Kasus 1 : Hartoyo Sebagai Manajer

Kasus 1 : Hartoyo Sebagai Manajer
            Drs. Hartoyo telah menjadi manajer tingkat menengah dalam departemen produksi suatu perusahaan kurang lebih 6 bulan. Hartoyo bekerja pada perusahaan setelah dia pensiun dari tentara. Semangat kerja departemennya rendah sejak ia bergabung dalam perusahaan. Beberapa dari karyawan menunjukkan sikap tidak puas dan agresif.
            Pada jam istirahat makan siang, hartoyo bertanya pada drs. Abdul hakim, ak, manajer departemen keuangan, apakah dia mengetahui tentang semangat kerja yang rendah dalam departemen produksi. Abdul hakim menjawab bahwa dia telah mendengar secara informal melalui komunikasi “grapevine”, bahwa para karyawan hartoyo merasa tidak senang dengan pengambilan semua keputusan yang dibuat sendiri olehnya. Dia (hartoyo) menyatakan, “dalam tentara, saya membuat semua keputusan untuk bagian saya, dan semua bawahan mengharapkan saya untuk berbuat seperti itu.”

Pertanyaan kasus :
1.        Gaya kepemimpinan macam apa yang digunakan oleh hartoyo? Bagaimana keuntungan dan kelemahannya? Bandingkan motivasi bawahan hartoyo sekarang dan dulu sewaktu tentara.
Berdasarkan kasus di atas , saya berpendapat bahwa  Hartoyo masih terbawa kebiasaan sebelumnya yaitu iamasih terbiasa dengan rutinitasnya sebagai tentara sehingga gaya kepemimpinan yang dulu saat ia menjadi tentara terbawa hingga saat ini ia menjabat sebagai manajer. Gaya kepemimpinan seperti Hartoyo bisa kita katakan sebagai gaya kepemimpinan dengan Tipe Militerlistik. Tipe militerlistik itu merupakan tipe kepemimpinan yang tegas, dimana lebih diterapkannya disiplin yang tinggi namun terkadang tipe ini menjadikan segalanya kaku.

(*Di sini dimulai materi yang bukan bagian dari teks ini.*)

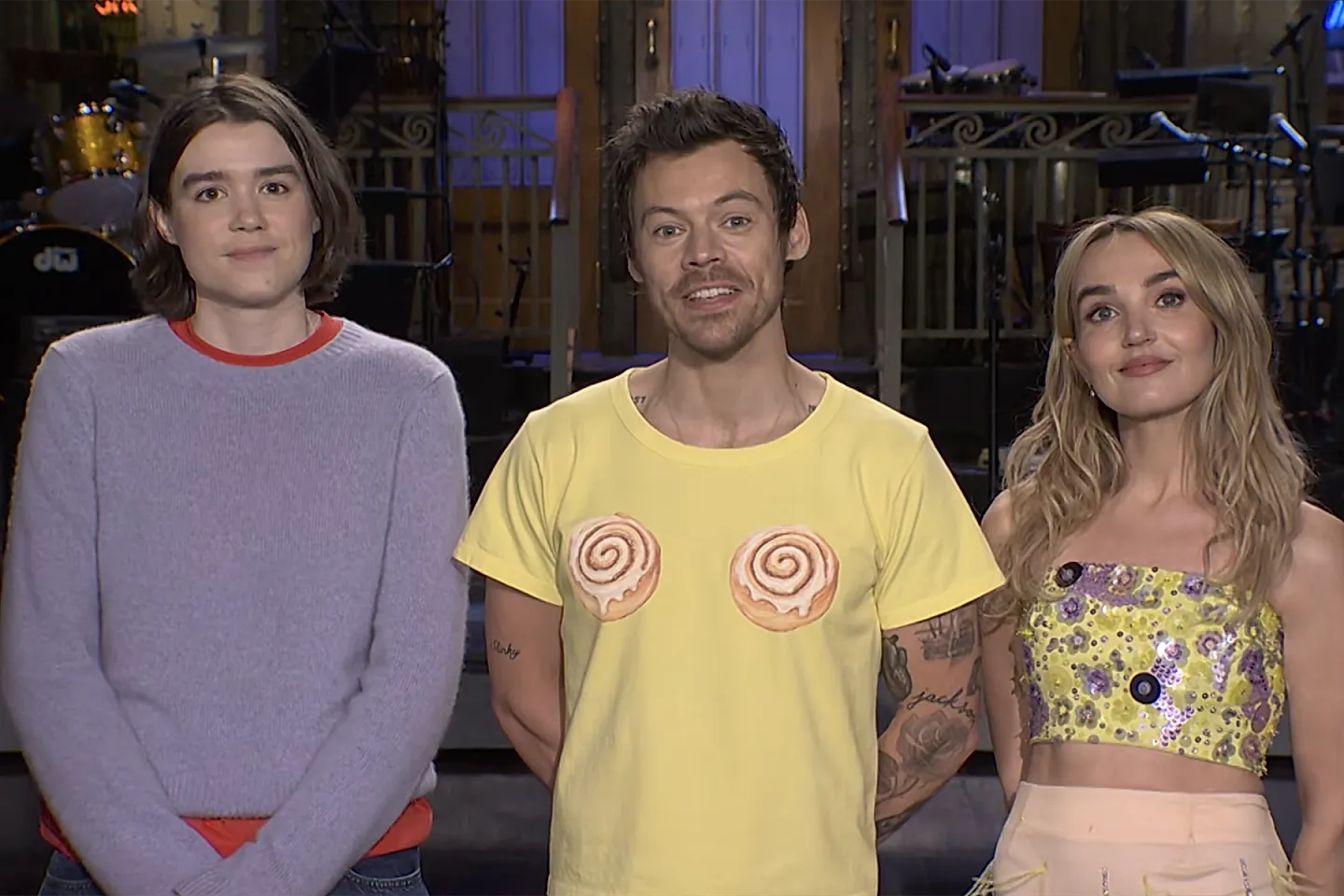 Гарри Стайлс и чувства на SNL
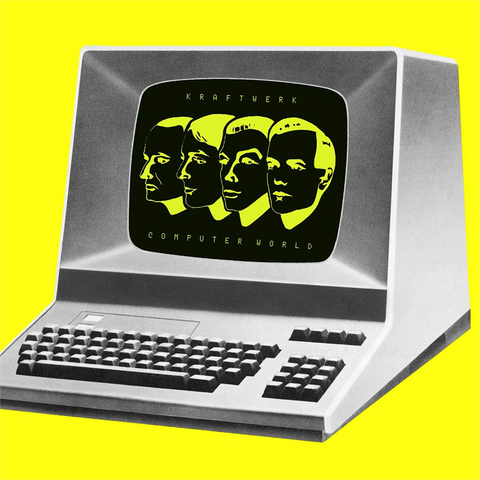 KRAFTWERK - COMPUTER WORLD (LP - YELLOW FLUO | REM’21 - 1981)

Mengapa disebut kaku , karena terkadang tipe kepemimpinan ini dalam berkomunikasi nya juga masih menggunakan bahasa yang formal selain itu segala aktivitasnya juga masih bersifat formal dimana manajer disini menggunakan system komando atau perintah, sehingga terkesan kaku.
Di dalam membangun suatu perusahaan yang baik dan sejahtera, hal yang penting yang harus ada di dalam perusahaan tersebut adalah kerjasama yang kokoh antara manajer dengan karyawan , atau karyawan dengan karyawan. Dari sifat-sifat yang dimiliki oleh tipe kepemimpinan militerlistik, jelaslah bahwa tipe pemimpin seperti ini bukan merupakan pemimpin yang ideal. Karena lebih terkesan perusahaan itu yang mendominasi hanyalah sang manajer, dimana karyawan-karyawan hanyalah menjalankan sesuai yang diperintahkan oleh manajer.seharusnya kan karyawan juga berhak mengeluarkan pendapatnya atau ide ide yang brilian untuk perusahaan tersebut. Dan jika kita lihat dari kasus Hartoyo tersebut, perusahaan tersebut tidak akan maju karena sudah pasti salah satunya karena semangat kerja para karyawan menjadi rendah karena mereka tidak senang dengan pengambilan semua keputusan yang dibuat oleh hartoyo sendiri.
Tipe militer dalam kepemimpinan memang bagus untuk karyawan, karena karyawan tentunya menjadi sangat disiplin. Namun selain kelebihannya , ada juga kekurangan dari tipe kepemimpinan militer ini, yaitu Hartoyo tidak dapat menerima kritik atau saran dari karyawannya dikarenakan Hartoyo tidak dapat berkomunikasi dengan baik dengan karyawannya.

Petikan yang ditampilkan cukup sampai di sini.